Volunteers look for a murder weapon near Kodiak’s CommSta antenna field, April 12, 2012. James Wells would later be convicted of the double homicide. (Jennifer Canfield/KMXT)

The Kodiak man who was recently convicted and sentenced for the 2012 double murder at the Coast Guard Communication Station in Kodiak filed a notice with the court on Friday that he plans to appeal the case.

James Michael Wells was convicted in the murder of two co-workers in an October 2019 trial, and sentenced for life on each of six counts earlier this month.

On Friday, Wells’ attorney, Gary G. Colbath, a federal public defender, filed a Notice of Appeal with the Ninth Circuit Court of Appeals.

The Ninth Circuit Court of Appeals, based in San Francisco, is the largest of 13 appeals courts. It is the court that has jurisdiction over appeals cases from Alaska.

This is Wells’ second appeal of a conviction in this case. The original 2014 trial was thrown out by the Ninth Circuit Court of Appeals based on comments the judge made. A new trial with a new judge was ordered. That new trial was the one held in October 2019.

Wells is appealing something related to the October trial. The document filed with the court on Friday merely notifies the court of the intent to appeal and does not give specifics as to what the appeal is based on.

A jury convicted Wells of shooting to death two co-workers who the prosecution say were a threat to Wells’ career advancement.

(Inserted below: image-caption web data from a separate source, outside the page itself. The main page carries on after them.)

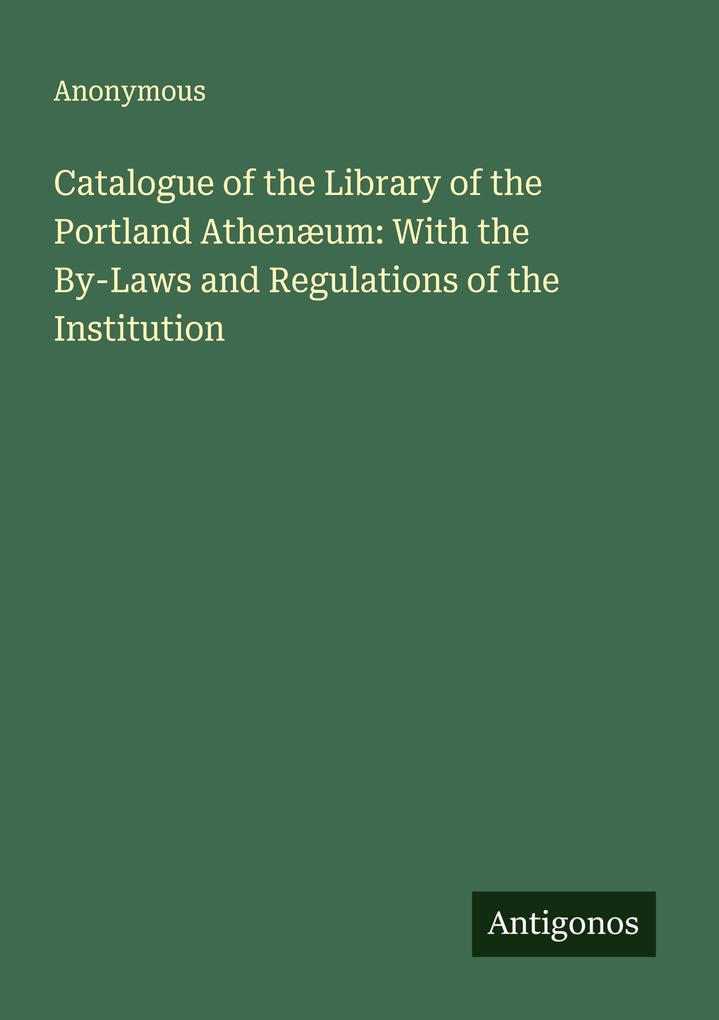 Catalogue of the Library of the Portland Athenæum: With the By-Laws and Regulations of the Institution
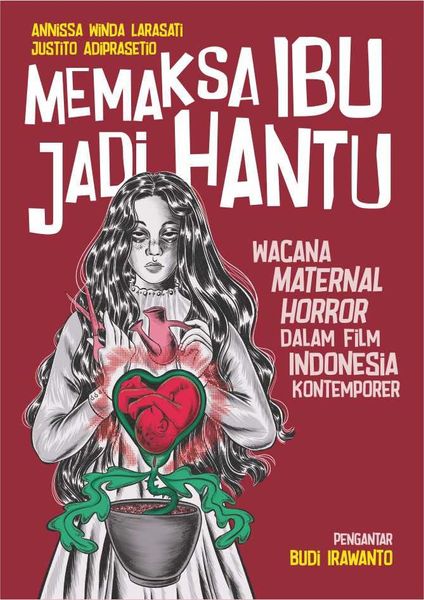 Memaksa Ibu Jadi Hantu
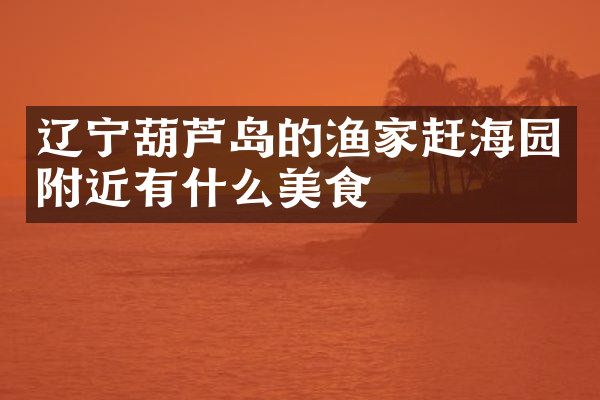 辽宁葫芦岛的渔家赶海园附近有什么美食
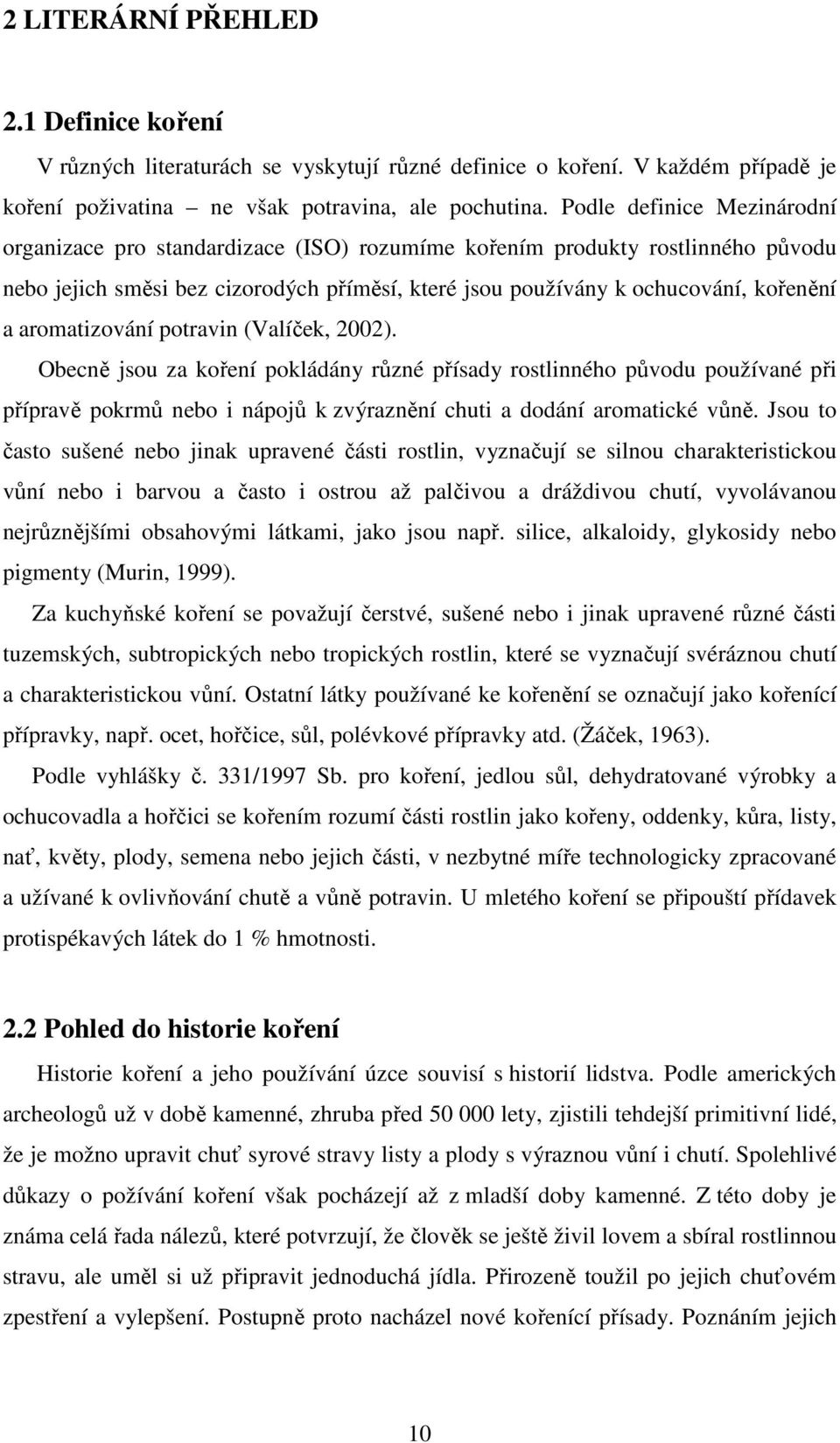 aromatizování potravin (Valíček, 2002). Obecně jsou za koření pokládány různé přísady rostlinného původu používané při přípravě pokrmů nebo i nápojů k zvýraznění chuti a dodání aromatické vůně.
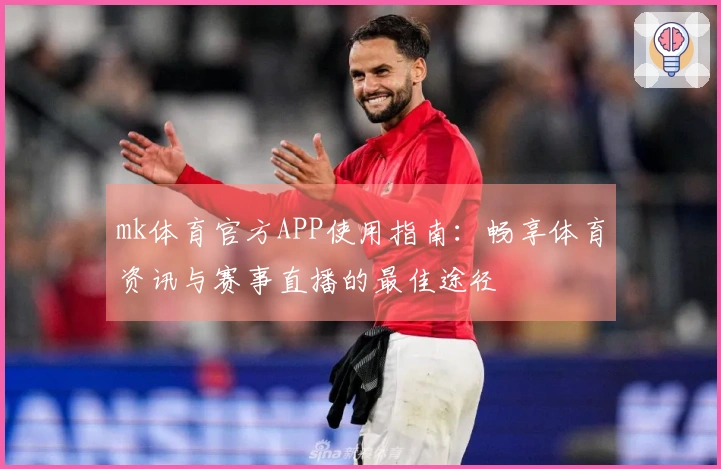 mk体育官方APP使用指南：畅享体育资讯与赛事直播的最佳途径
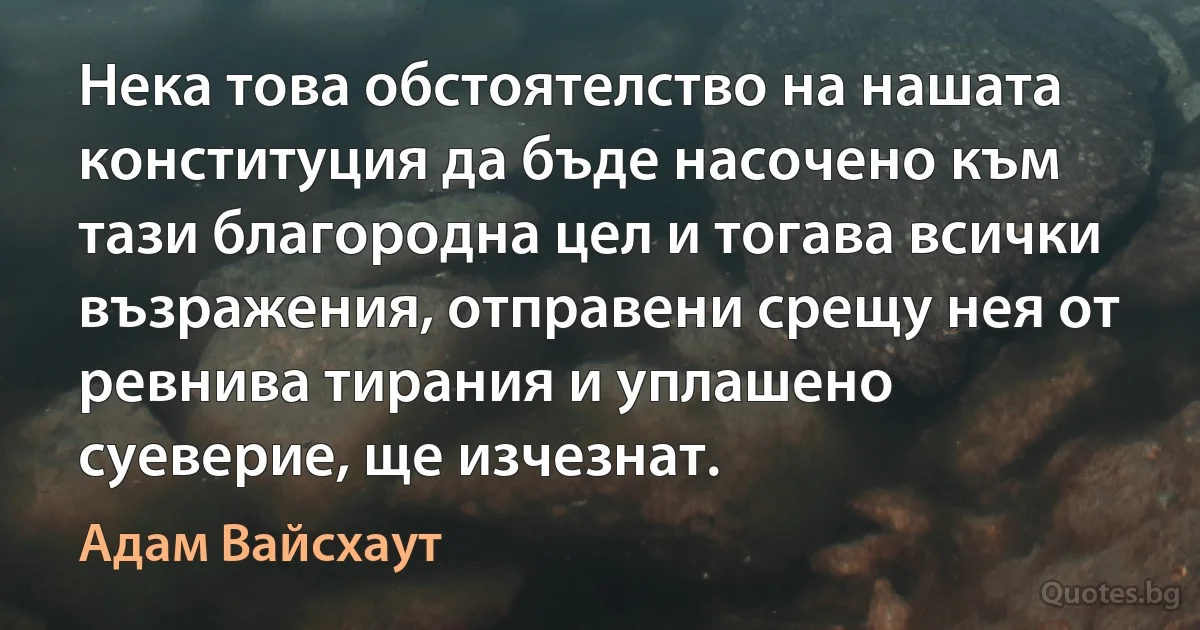 Нека това обстоятелство на нашата конституция да бъде насочено към тази благородна цел и тогава всички възражения, отправени срещу нея от ревнива тирания и уплашено суеверие, ще изчезнат. (Адам Вайсхаут)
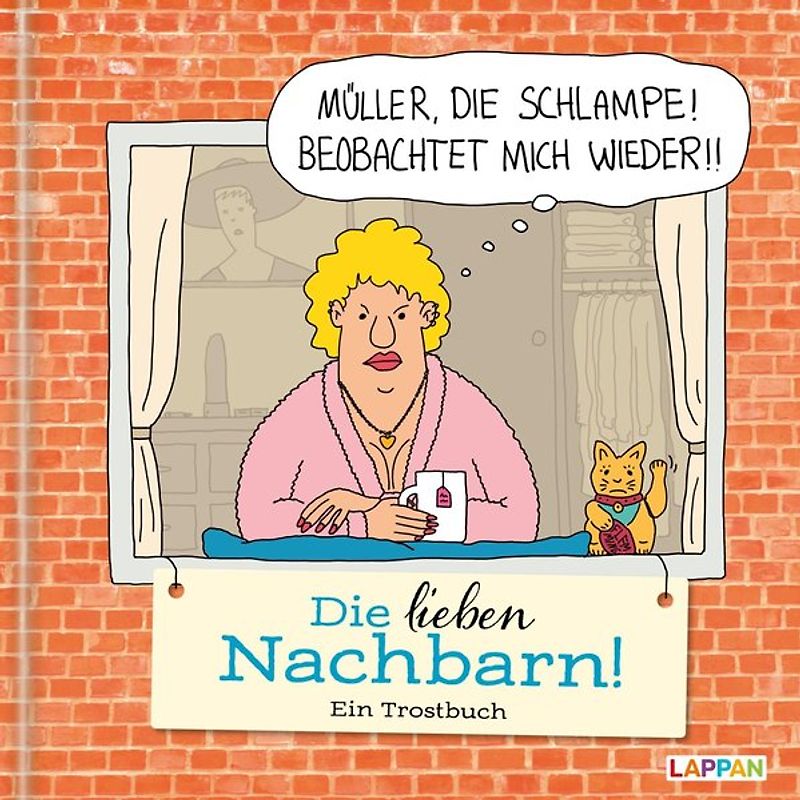 Die lieben Nachbarn - Ein Trostbuch: Cartoons zum Thema Nachbarn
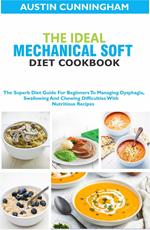 The Ideal Mechanical Soft Diet Cookbook; The Superb Diet Guide For Beginners To Managing Dysphagia, Swallowing And Chewing Difficulties With Nutritious Recipes
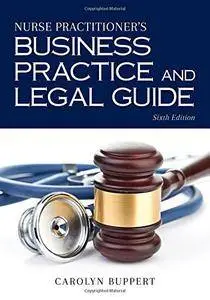 Nurse Practitioner's Business Practice and Legal Guide, Sixth Edition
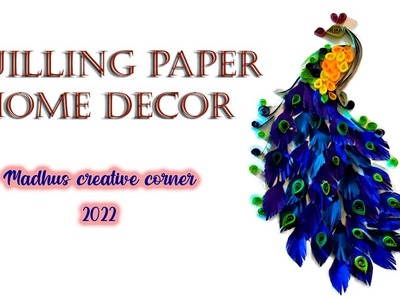 Quilling paper home decor | Madhus creative corner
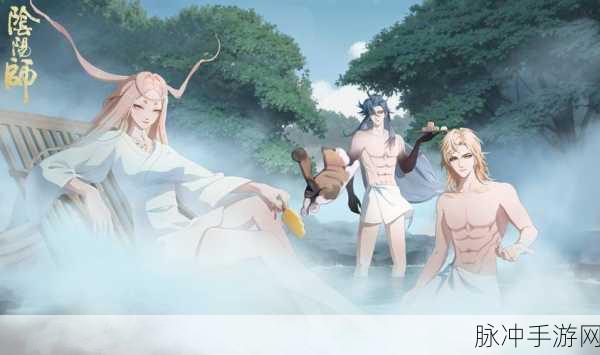 阴阳师暖雾异梦活动全攻略 带你玩转精彩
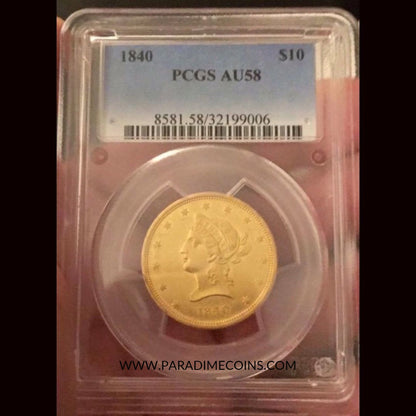 1840 $10 AU58 PCGS - Paradime Coins | PCGS NGC CACG CAC Rare US Numismatic Coins For Sale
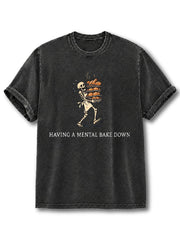HAVING A MENTAL BAKE DOWN Washed T-Shirt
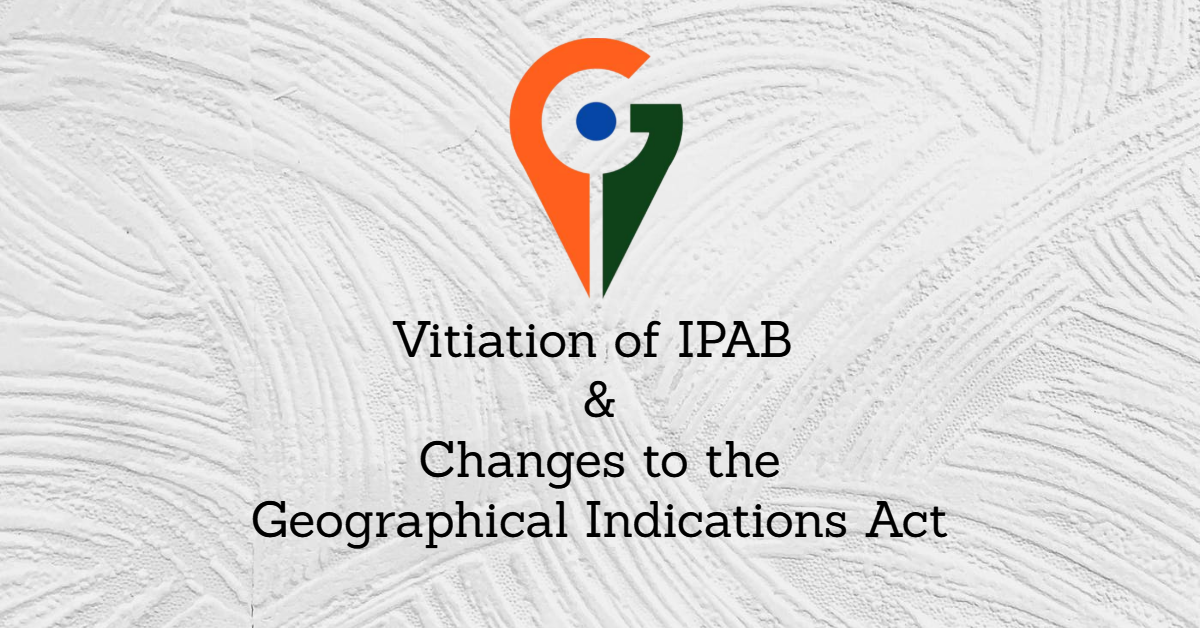 Vitiation of IPAB & consequences on the the GI Act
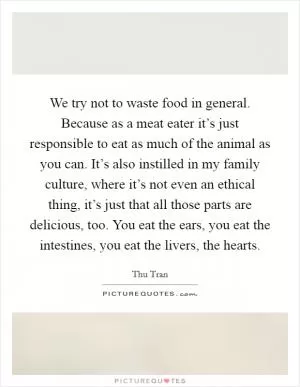 We try not to waste food in general. Because as a meat eater it’s just responsible to eat as much of the animal as you can. It’s also instilled in my family culture, where it’s not even an ethical thing, it’s just that all those parts are delicious, too. You eat the ears, you eat the intestines, you eat the livers, the hearts Picture Quote #1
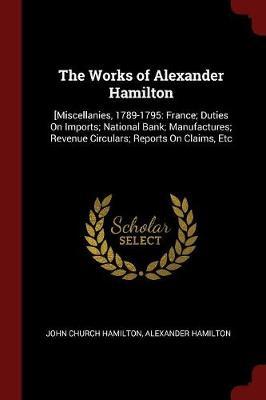 The Works of Alexander Hamilton by John Church Hamilton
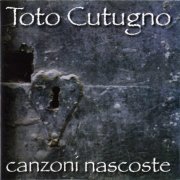 Toto Cutugno - Canzoni Nascoste (1997) CD-Rip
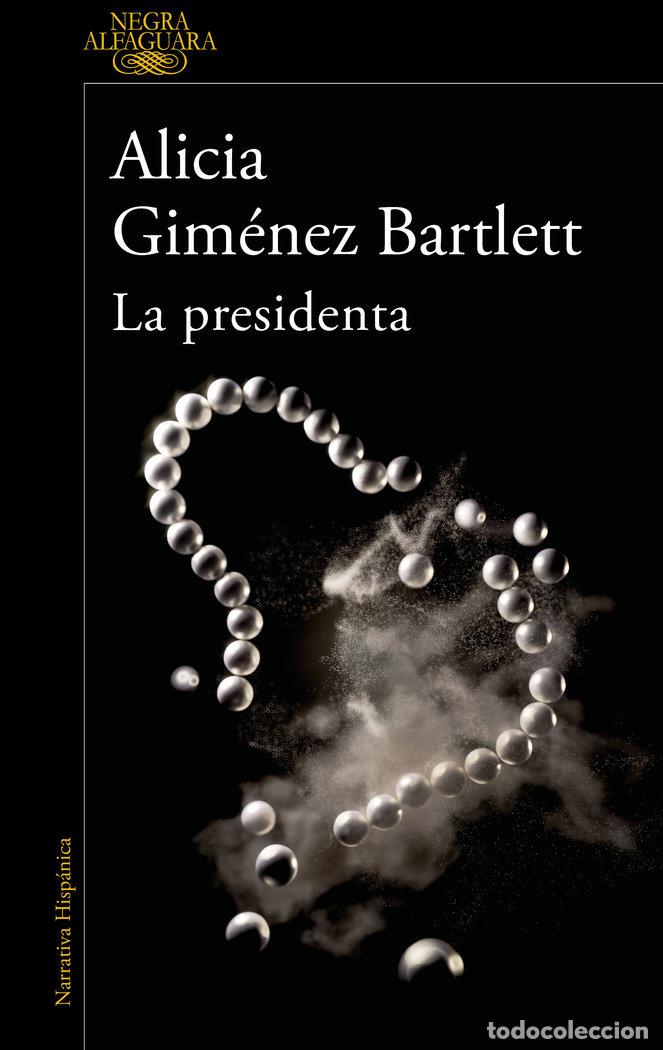 Libros: LA PRESIDENTA - GIMENEZ BARTLETT,ALICIA - Foto 1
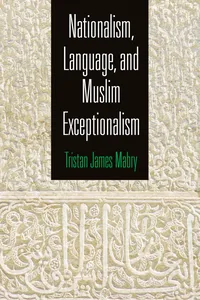 Nationalism, Language, and Muslim Exceptionalism_cover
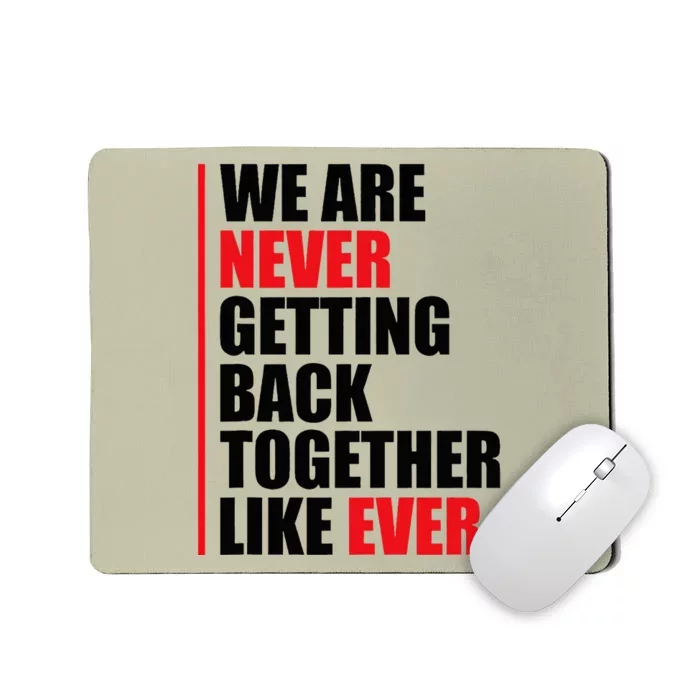 We Are Never Getting Back Together Like Ever Statement Mousepad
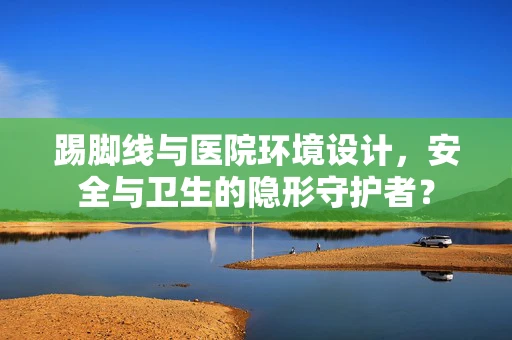 踢脚线与医院环境设计，安全与卫生的隐形守护者？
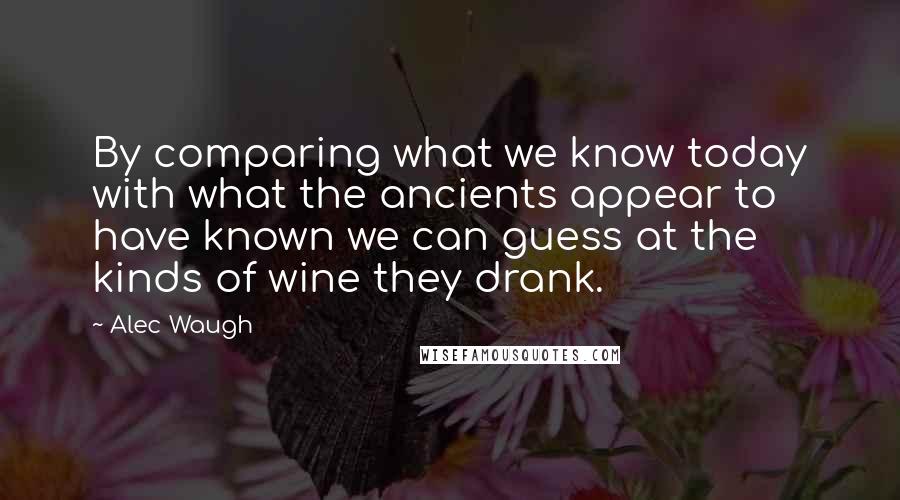 Alec Waugh Quotes: By comparing what we know today with what the ancients appear to have known we can guess at the kinds of wine they drank.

Petty Officer 1st Class James Hopkins, an electronics technician, was 41-year-old, and Richard Belisle was a 51-year-old civilian employee at the time of the killings.

Wells has always maintained his innocence.

CORRECTION Jan. 24, 2020

This story was updated to correct the word ‘accused’ in the text.

James Michel Wells was convicted in October and was sentenced this month for the murders of Petty Officer 1st Class James Hopkins and Richard Belisle.

We inadvertently said Wells was ‘accused’ of the murders.

He has in fact been convicted, but is appealing the ruling with the Ninth Circuit Court of Appeals in San Francisco.